Denzin wrote extensively on the social science of alcoholism, as in three books from 1987, The Alcoholic Self (which received the Charles H. Cooley Award from the Society for the Study of Symbolic Interaction), The Recovering Alcoholic, and Treating Alcoholism: An Alcoholics Anonymous Approach.
He also wrote about the importance that television played in his mother’s life, referring to her curled up on the couch as I Love Lucy played on the family’s Sylvania black-and-white TV the day his father left. He suggested she found solace in the barely functional Ricardo clan, a solace missing in the dysfunctional Denzin family. “I understand why mother loved Lucy,” he wrote in Cultural Studies – Critical Methodologies. “Mother didn’t have my father to yell at, so Lucy did her yelling for her.”
He combined his insights of alcoholism with his investigations of media and culture in his 1991 book, Hollywood Shot by Shot: Alcoholism in American Cinema, which drew praise from scholars and even film critic Robert Ebert. The book, and others like Images of Postmodernism: Social Theory and Contemporary Cinema also from 1991, reflect the mantle of cultural critic he would wear until his death.

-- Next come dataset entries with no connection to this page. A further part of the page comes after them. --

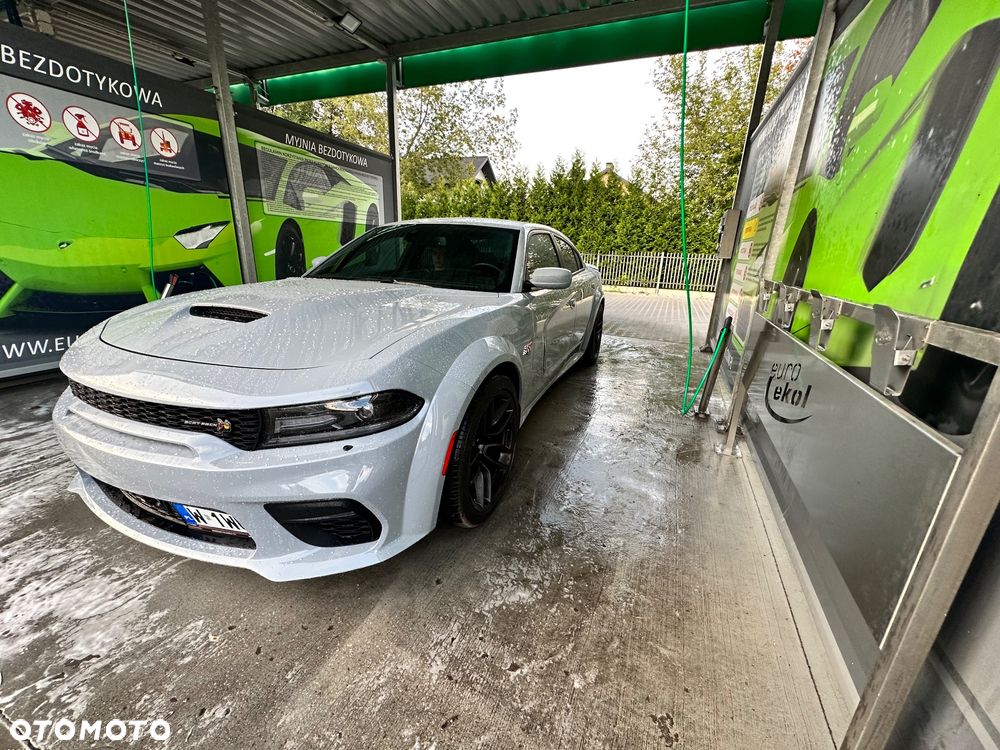Dodge Charger 6.4 Scat Pack Widebody - 6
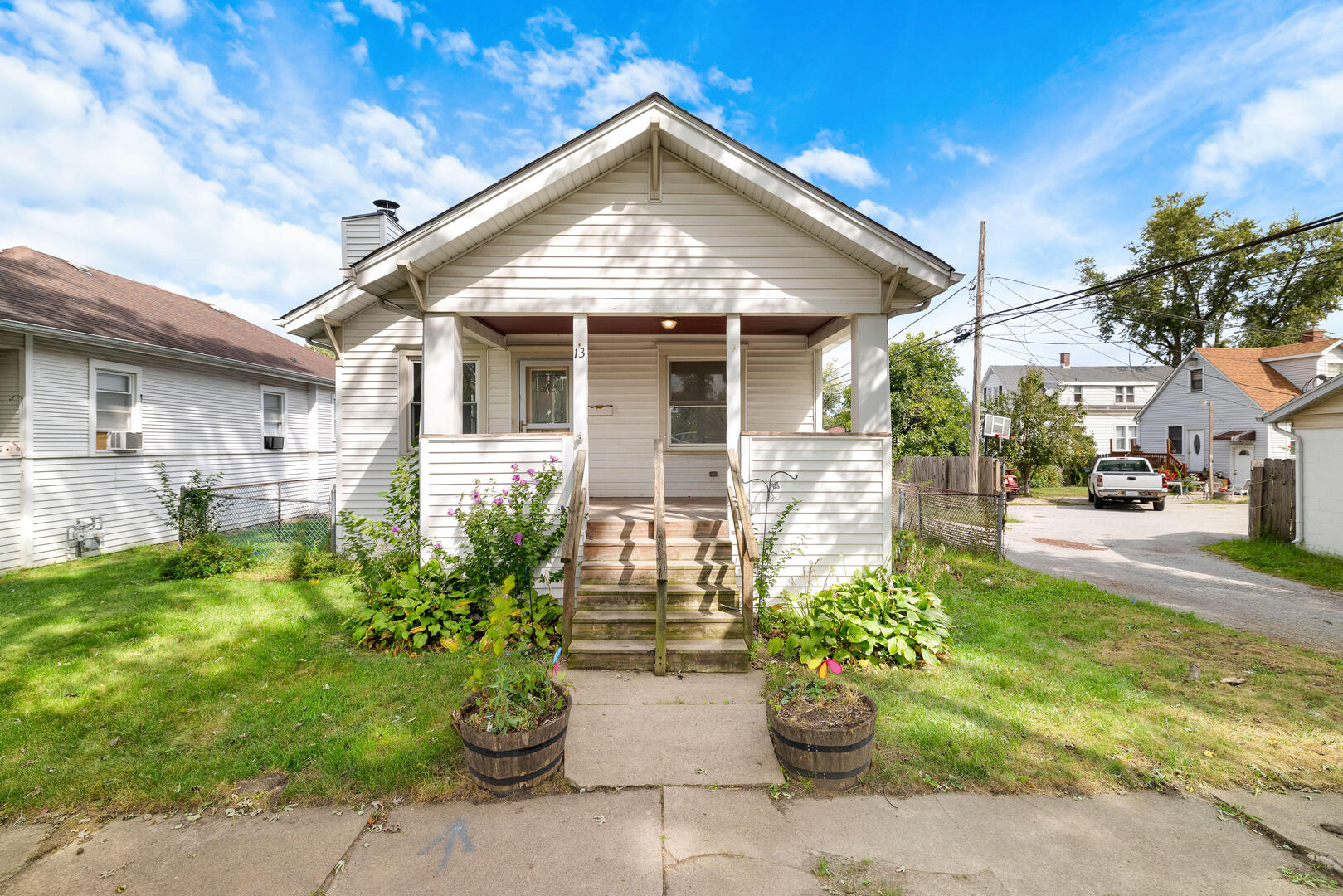 13 W 37th Street Property Photo 1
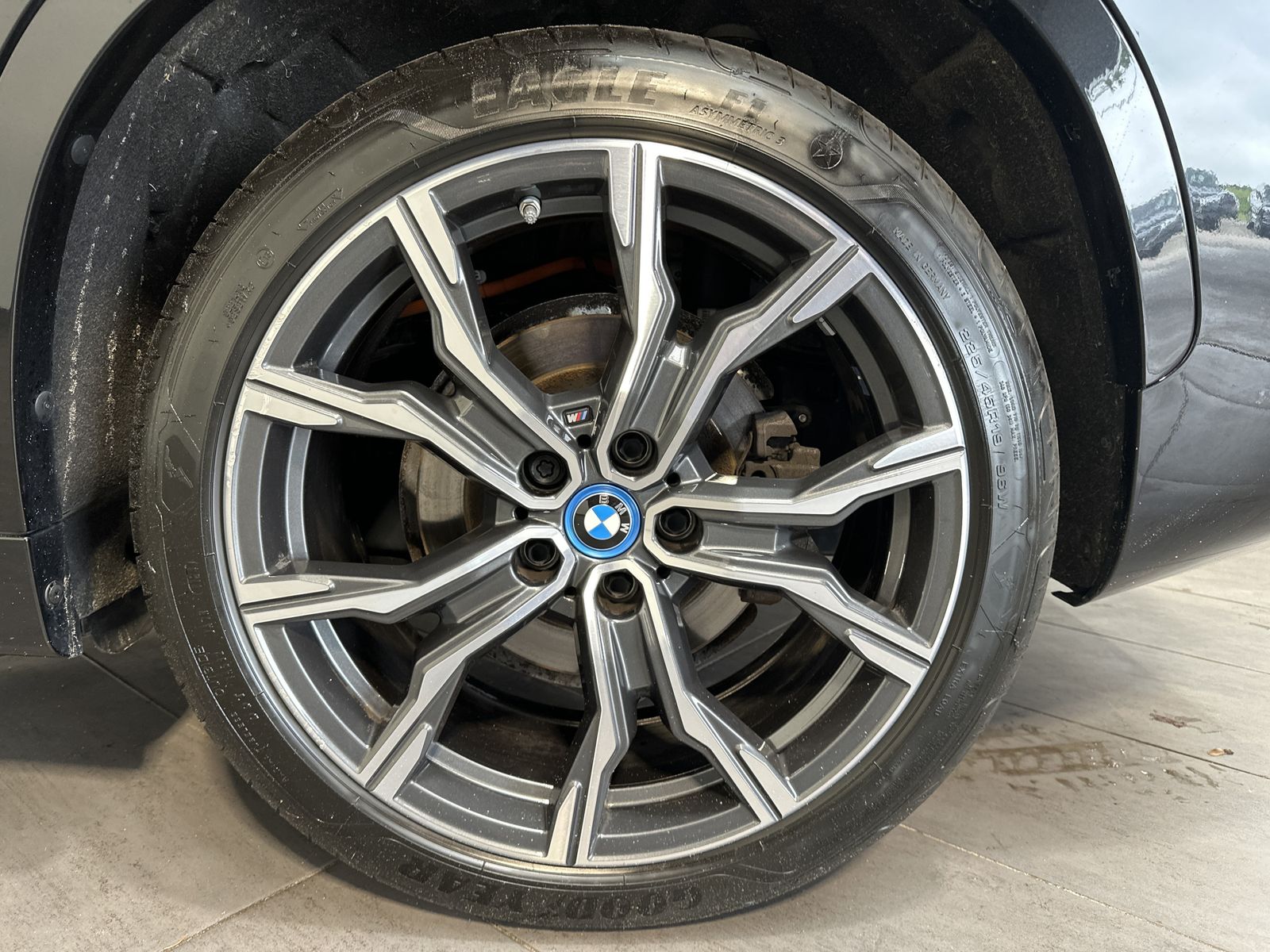 Fahrzeugabbildung BMW X1 xDrive25e M-Sport NAV+LED+HIFI+KAM+KEYLESS-GO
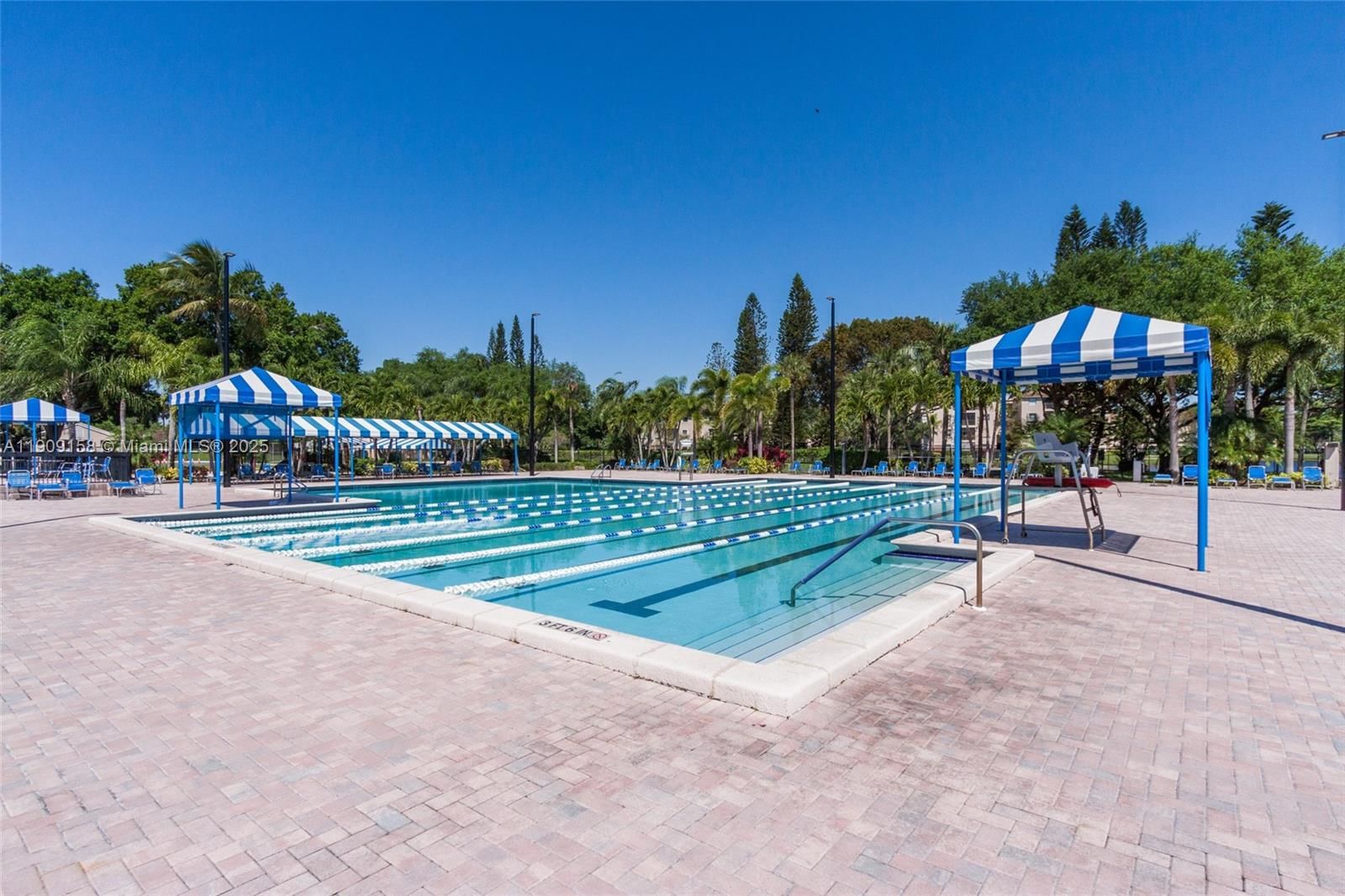Real estate property located at 2880 Carambola Cir S #2071, Broward, Applewood Village Iv-e Co, Coconut Creek, FL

His 1992 book Cultural Studies: The Politics of Interpretation or 2002’s Reading Race: Hollywood and a Cinema of Racial Violence, 1980-1995, appear as two of the many mileposts as his qualitative, social psychological and media work drew increasingly on semiotics, structuralism, poststructuralism and post modernism as explanatory vehicles.Lawrence Grossberg, reviewing Denzin’s 1991 work Images of Postmodernism: Social Theory and Contemporary Cinema, summoned the spirit of Mills in assessing Denzin’s impact. “Revitalizing Mills’ sociological imagination,” Grossberg wrote, “Denzin addresses the relations between Hollywood films of the 1980s, their constructions of self, and the structures of lived experience. He offers a postmodern sociology which addresses the increasingly conservative basis of postmodern ideologies of race, class and gender.”
Denzin’s publishing reflected his focus on social and ethnic justice, and the qualitative researcher’s role in cultivating underheard voices for the betterment of all. Starting with Reading Race, books such as Qualitative Inquiry under Conservative Regimes (2006), edited volumes with Michael Giardina like Contesting Empire, Globalizing Dissent: Cultural Studies after 9/11 (2006), Ethical Futures in Qualitative Inquiry: Decolonizing the Politics of Knowledge (2007), Qualitative Inquiry and Social Justice (2009), and the Handbook of Critical Indigenous Inquiry edited with Lincoln and Linda Tuhiwai Smith showcased actionable steps scholars could take. Denzin paid particular attention to the poor job scholars had done for native Americans, critiques made manifest in the Indigenous Inquiry handbook and volumes like Searching for Yellowstone: Race, Gender Family and Memory in the Postmodern West (2008), Custer on Canvas: Native Americans Memory, Museums and Violence in the New West (2011), and Indians on Display: Global Commodification of Native America in Performance, Art and Museums (2013).
Over his career, Denzin received many honors and accolades. In 1997 he was awarded the George Herbert Mead Award for lifetime contributions to the study of human interaction by the Society for the Symbolic Interaction. In 2006 the Carl Couch Center for Social and Internet Research established the Norman K. Denzin Qualitative Research Award, and four years later presented him its Clifford G. Christians Ethics Research Award for his book Interpretive Ethnography. The International Association of Qualitative Inquiry presented him its Lifetime Achievement Award in 2009.
But as his hometown obituary notes, in the end, Denzin was more than the sum of his parts. “Norman was a dreamer, a visionary, a utopian. For all of his scholarly achievements, he didn’t define himself in such terms. As he wrote in one of his books, he saw himself as an ancestor, husband, grandson, uncle, father, grandfather, friend, colleague, co-worker, community member, mentor, justice activist, antiracist, inclusive global citizen and more.”
He is survived by his spouse, Katherine Ryan, two daughters and eight grandchildren. A public celebration of his life will be held at the next International Congress of Qualitative Inquiry in May 2024.